BH3 profiling was performed as previously described using flow cytometry (29). Briefly, permeabilized cells were incubated with BH3 domain proapoptotic peptides for 60 minutes and fixed in 4% to 8% formaldehyde followed by neutralization. Cells were stained with AlexaFluor 647-conjugated anticytochrome c antibody and a viability marker and analyzed by flow cytometry. For dynamic BH3 profiling, the same procedure was performed but was preceded by incubation of the cells with drug for 24 hours prior to collection.
HGSOC genomic data were obtained from the Cancer Genome Atlas (Pan-Cancer; TCGA; ref. 30), Australian Ovarian Cancer Study Group (3), and Cancer Cell Line Encyclopedia (31). TCGA genomic data were analyzed with R packages or the cBioPortal. Copy-number alterations were analyzed by GISTIC 2.0. Statistical differences in parameters between groups were analyzed by t test.

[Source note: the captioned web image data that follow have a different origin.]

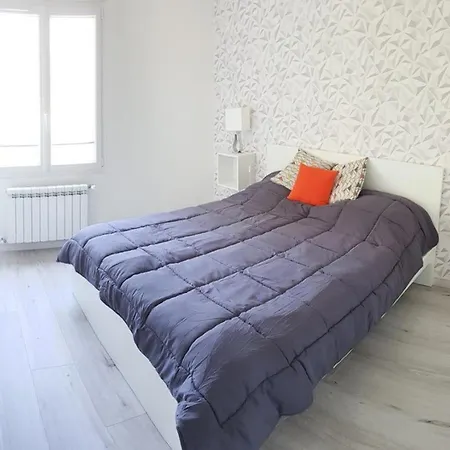 Apartment Courtaude - Exceptionnel T4 Avec Piscine Acces Mae-7874 *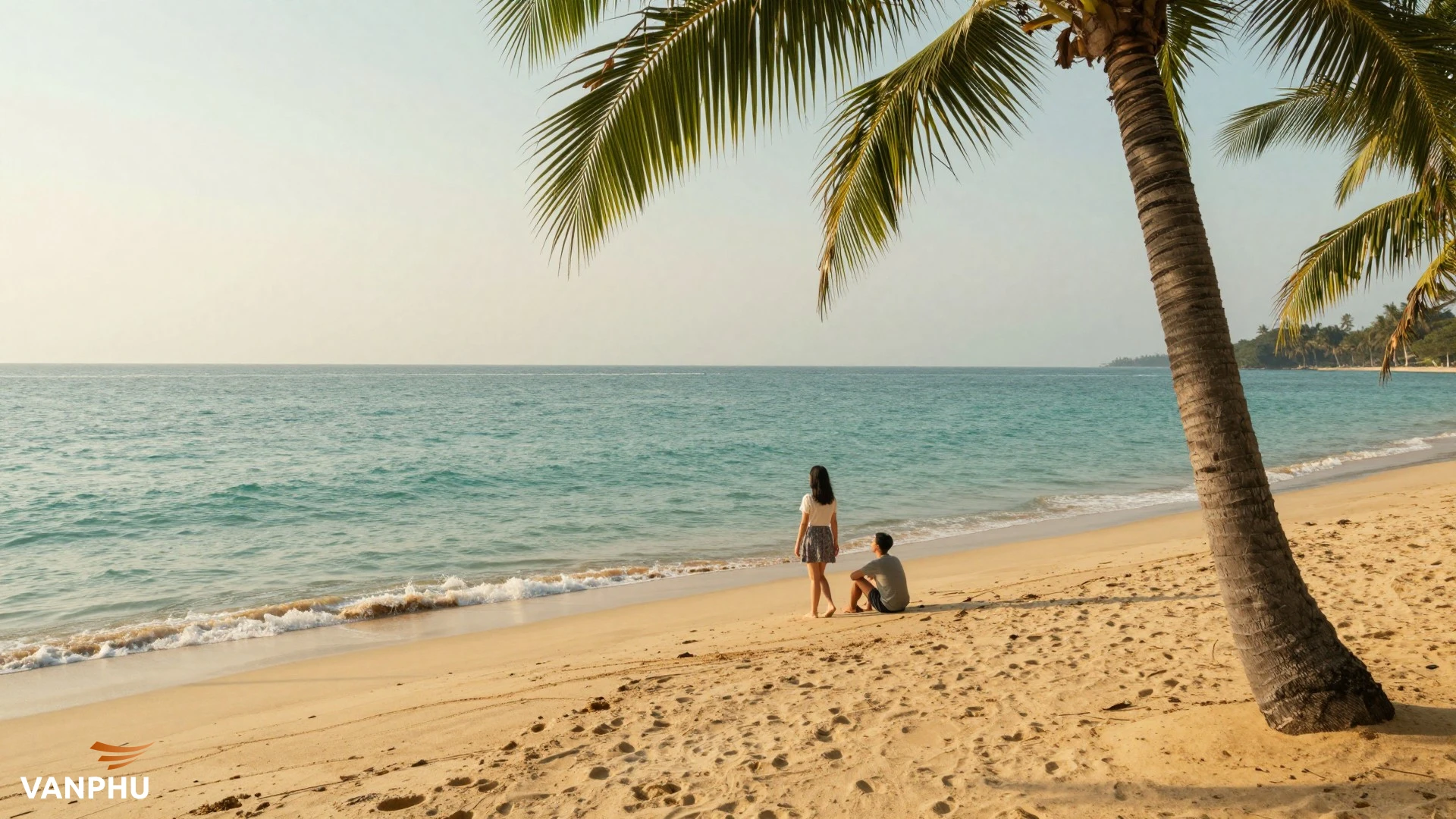 Làm thế nào để cân bằng cuộc sống bằng không gian biển xanh tại Mũi Né?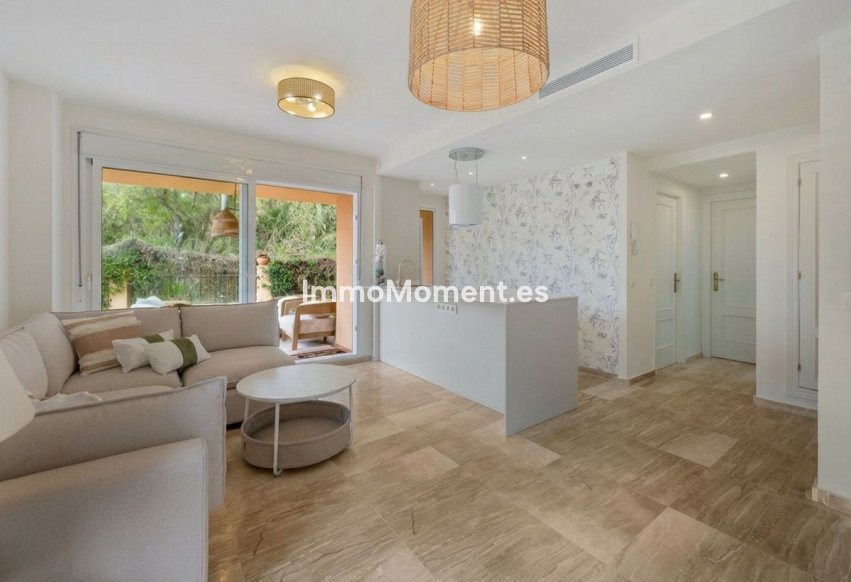 Wiederverkauf - Wohnung - Marbella - Las Chapas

Survival curves were generated by Kaplan–Meier analysis, and significance was assessed by log-rank test.
Overexpression screen for mediators of cisplatin and paclitaxel response in HGSOC
To identify genes whose overexpression affects response to cisplatin and paclitaxel treatment in ovarian cancer cell lines, we performed an unbiased, near-genome-scale, pooled ORF overexpression screen using a barcoded lentiviral library of 17,255 human cDNAs (Fig. 1A; ref. 25). We selected Kuramochi and OVSAHO cell lines due to genomic similarity to HGSOC (11) and relative sensitivity to cisplatin and paclitaxel (Supplementary Fig. S1A). Kuramochi has a BRCA2 mutation and BRCA1 copy loss, and OVSAHO has BRCA2 copy loss (11, 31); both are deficient in HRR (32).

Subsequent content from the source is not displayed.